# Question about Cloud backups



## Reyn (Feb 10, 2009)

I have 3 iphones on my itunes account.  How can we back up each phone without mixing contacts, etc.? Can we each have a different cloud account and still be able to use the same itunes library?  Apparently, I have it set up wrong since I am getting their contacts and some of mine are missing.  I am so confused, so spell it out for me. Thanks!!

Mala


----------



## Mike D. aka jmiked (Oct 28, 2008)

It is confusing. iCloud accounts are tied to your Apple ID. So you can't share info between iCloud or iTunes accounts.

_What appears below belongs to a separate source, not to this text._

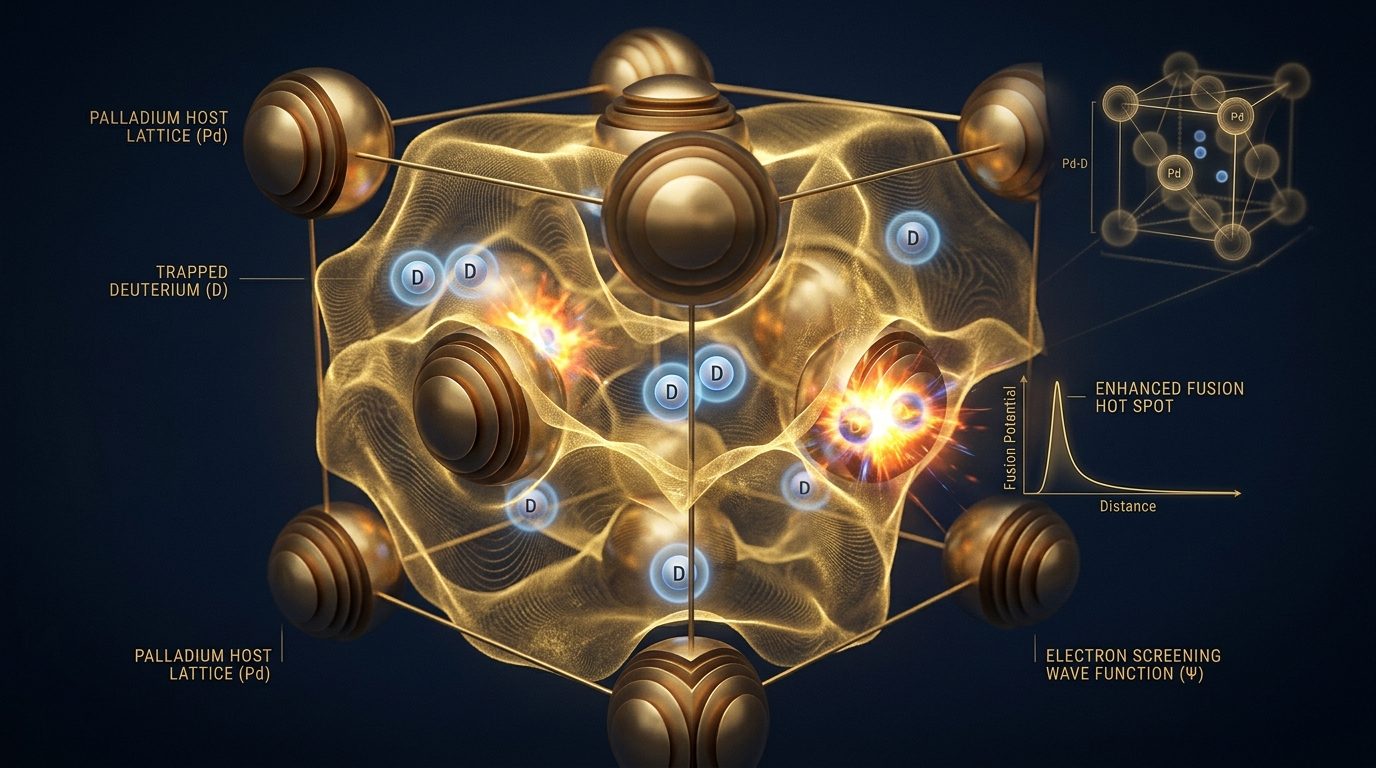 Palladium metal-hydride crystal lattice screening deuterium nuclei to dramatically increase nuclear tunneling probability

You can have multiple devices registered to an account, however.

Mike


----------



## Reyn (Feb 10, 2009)

I do have them registered to the same account but I am getting their contacts and calendar notes.  So tell me this, how do we share music without getting all of their other stuff? It is driving me insane!!  I really don't want my 15 year old son's 4000 contacts! Ok so I am exaggerating a little.    

I have turned off contacts in the cloud and I am no longer getting them.  But if something happens to the other phones, are their contacts gone?


----------



## Irving (Jul 25, 2011)

Reyn said:


> I do have them registered to the same account but I am getting their contacts and calendar notes. So tell me this, how do we share music without getting all of their other stuff? It is driving me insane!! I really don't want my 15 year old son's 4000 contacts! Ok so I am exaggerating a little.
> 
> I have turned off contacts in the cloud and I am no longer getting them. But if something happens to the other phones, are their contacts gone?


As far as I know, the only way would be to selectively turn off specific iCloud backups. Such as contacts, notes, etc. Try also going to the official Apple help forum at https://discussions.apple.com/index.jspa
Many Apple employees browse there, as well as long-time Apple product users.

Hope it helps!


----------



## Jaqlin Jacobs (Dec 27, 2011)

If you have a number of devices all using the same iCloud account then everything which is being synced is going to be the same on all of then firstly the data lives on the server, and the devices read it from there such as any mail so there's no way of having different devices having different sets of data. Hope this will help.


----------